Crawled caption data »
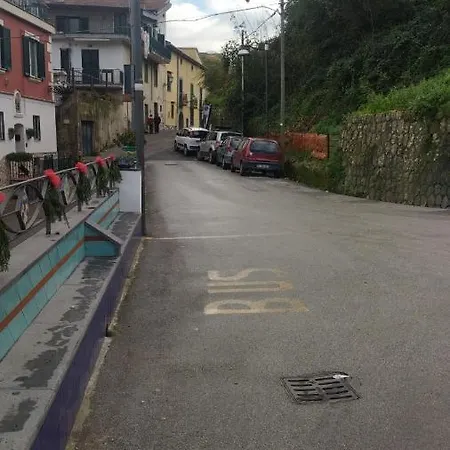 דירה Il Casadduoglio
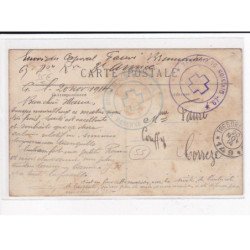 GENICOURT : A l'Ancre de Marine - très bon état
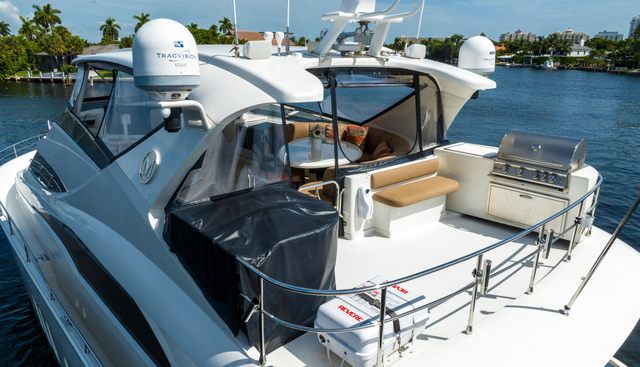 POLARIS yacht for sale 12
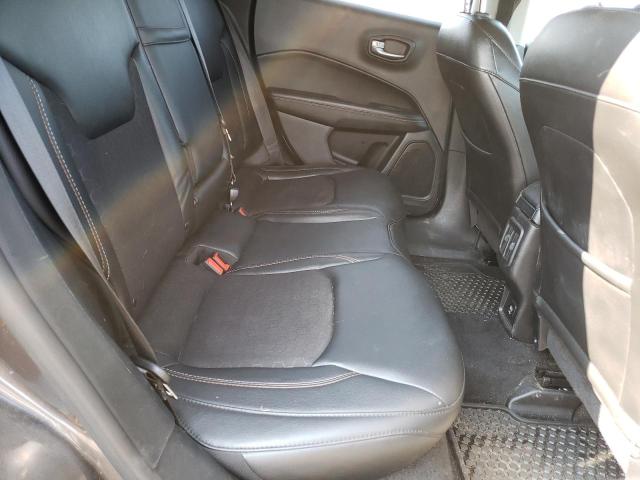 Aukcja sprzedaży 2018 Jeep Compass Latitude, vin: 3C4NJDBB7JT328237, numer aukcji: 59725333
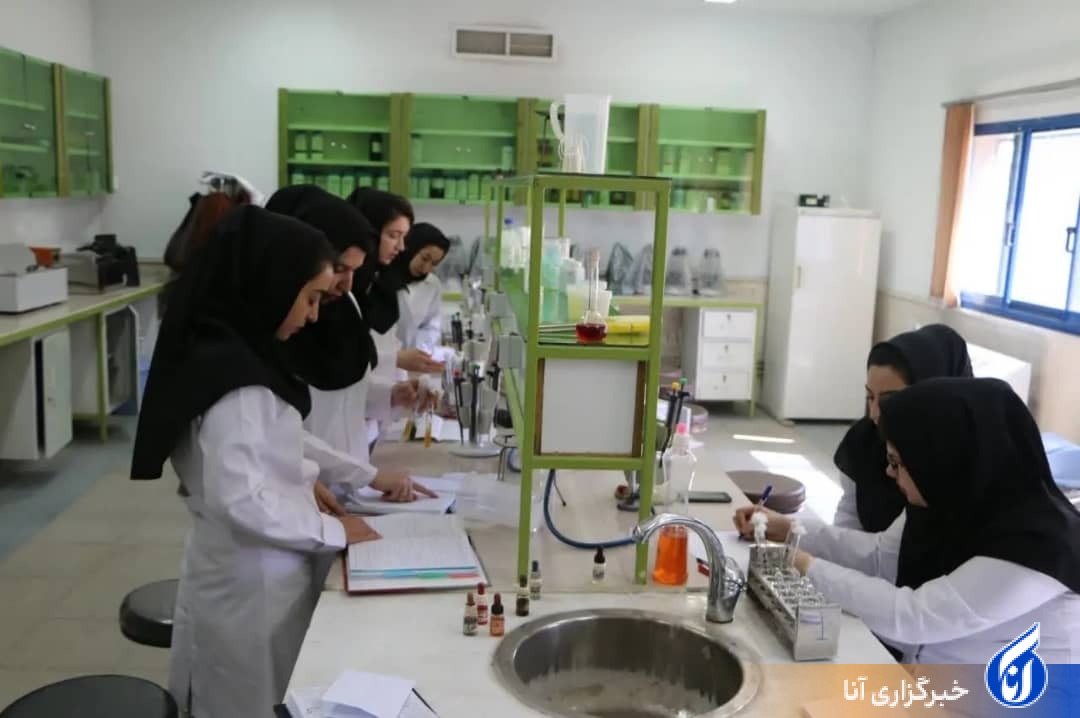 تجاریسازی ۷ محصول مرکز رشد فناوریهای نوین در صنایع/ از تولید سقف سبک «LCP» تا ساخت نمونه بتن متخلخل تجاریسازی ۷ محصول مرکز رشد فناوریهای نوین در صنایع/ از تولید سقف سبک «LCP» تا ساخت نمونه بتن متخلخل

Assignment »
Set the pictures aside and transcribe the data above exactly.

Reply to the exercise »
 דירה Il Casadduoglio
 GENICOURT : A l'Ancre de Marine - très bon état
 POLARIS yacht for sale 12
 Aukcja sprzedaży 2018 Jeep Compass Latitude, vin: 3C4NJDBB7JT328237, numer aukcji: 59725333
 تجاریسازی ۷ محصول مرکز رشد فناوریهای نوین در صنایع/ از تولید سقف سبک «LCP» تا ساخت نمونه بتن متخلخل تجاریسازی ۷ محصول مرکز رشد فناوریهای نوین در صنایع/ از تولید سقف سبک «LCP» تا ساخت نمونه بتن متخلخل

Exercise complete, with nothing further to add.